“Will you race, Sidney?” called Cora, before the occupants of the yellow car had had time to greet the others.
“Yes, certainly,” he assented. “I would like nothing better.”
“Then we’ll have to handicap the girls,” suggested Walter. “They have by far the fastest machine.”
“But it’s brand new,” objected Cora, “and isn’t tuned up yet, as the two runabouts are. Besides, look who we are—girls.”
“Very charming ones, I’m sure,” said Sid quickly, but, somehow, his voice did not ring true.
“Handicap,” spoke Walter. “I suppose it’s right, but you see —er—we fellows could—” He was floundering about for a way of saying that the girls should not be penalized by giving the drivers of the two runabouts a start. For, in spite of their small size and less power the runabouts were speedy cars. It seemed as if Walter did not want to take the obviously fair advantage due him.
“Oh, no,” declared Cora. “We’ll let you handicap us all you wish. We are willing to test the Whirlwind on its merits.”
“I should think so,” sneered Ida, and then she turned disdainfully away, as if the landscape held more of interest for her than did the details of a race.

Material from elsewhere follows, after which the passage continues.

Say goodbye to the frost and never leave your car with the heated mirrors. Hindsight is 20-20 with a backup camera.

“Who is that forward girl?” asked quiet Mary of Bess.
“Ida Giles,” was the whispered reply.
“She looked at me as if I did not belong in a motor car,” went on the little milliner, with that quick perception acquired by business experience.

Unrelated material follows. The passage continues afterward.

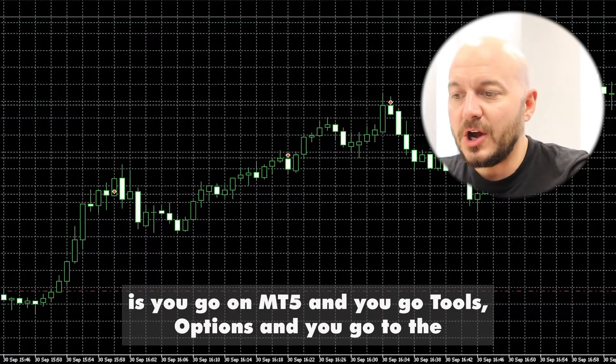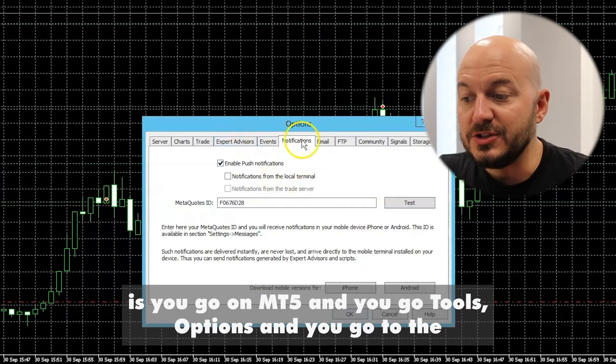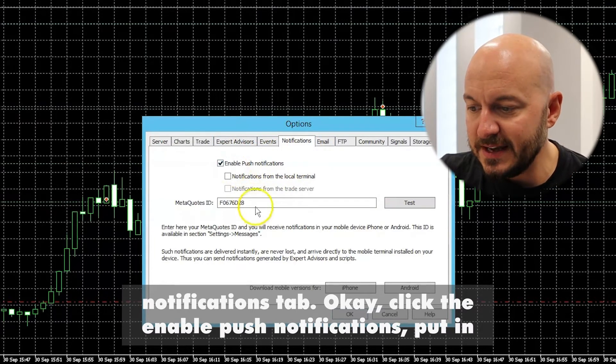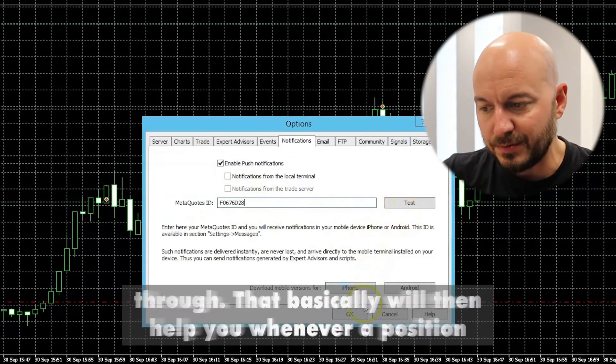Then what you do is go on MT5, go to Tools > Options, and go to the Notifications tab. Click Enable Push Notifications, put in that MetaQuotes ID, click Test, and you'll get a push notification come through.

“Well, she doesn’t belong in the one she’s in,” retorted Bess kindly. “I guess you imagine she meant something like that. Ida is not really mean. She is merely thoughtless.”

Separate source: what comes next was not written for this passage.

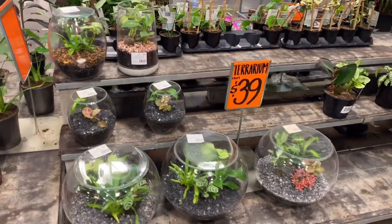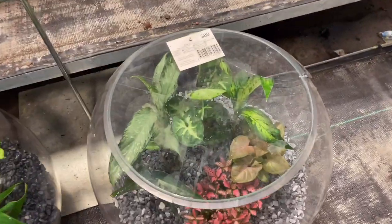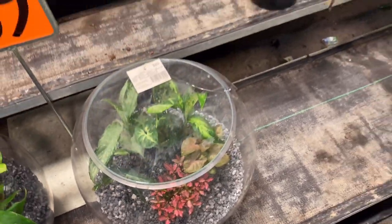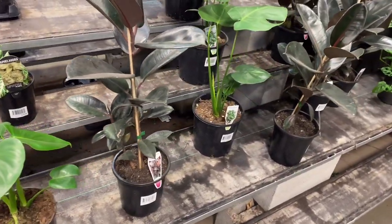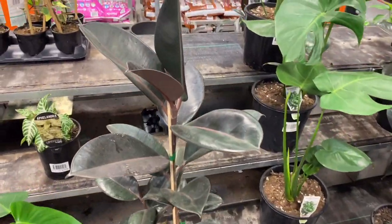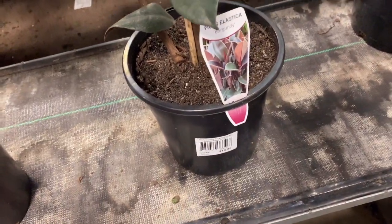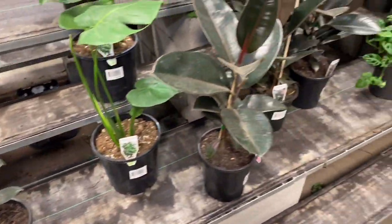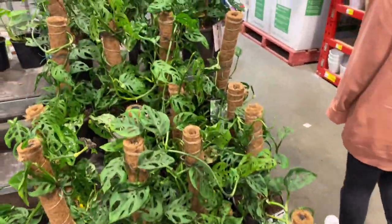Here we have terrariums. The bigger size was $89, which I thought was a bit expensive, but they had some really cute plants inside. We have some larger rubber plants here, nice and shiny, for $20, which is a pretty good price. And then we have lots of monstera and syngonium on totems.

“That’s the very meanest kind of meanness,” insisted Mary, “for, when folks do a thing through thoughtlessness they do not know enough to be careful next time.”
Bess smiled to assure Mary that the milliner’s model was on an equal footing with the girls in the Whirlwind, at all events.
“Line up!” called Jack. “Get ready for the race. We’ll not insist on a handicap for you, Cora.”
Sid sent his car directly to the middle of the road, the very best place.
“Better let the touring car go there,” suggested Walter in as even a tone as he could command. “It will need lots of room, and the road’s not very wide.”
“That’s right,” added Jack. “A runabout can go on either side, then.”
“I don’t know,” began Sid. “Cora ought to beat, and yet with two fellows driving against her—”
“Oh, if it’s a matter of girls,” almost sneered Ida, “I’ll drive the Streak.”
“Good idea!” hurriedly spoke Jack. “That will `make the match even. Suppose we take a girl to drive our car, Walter?”
Walter glanced rather ruefully at his companion.
“Why—er—yes,” he drawled. “Suppose we take—”
“Bess,” finished Jack, quickly. “She knows considerable about a car, and she’s driven this one.”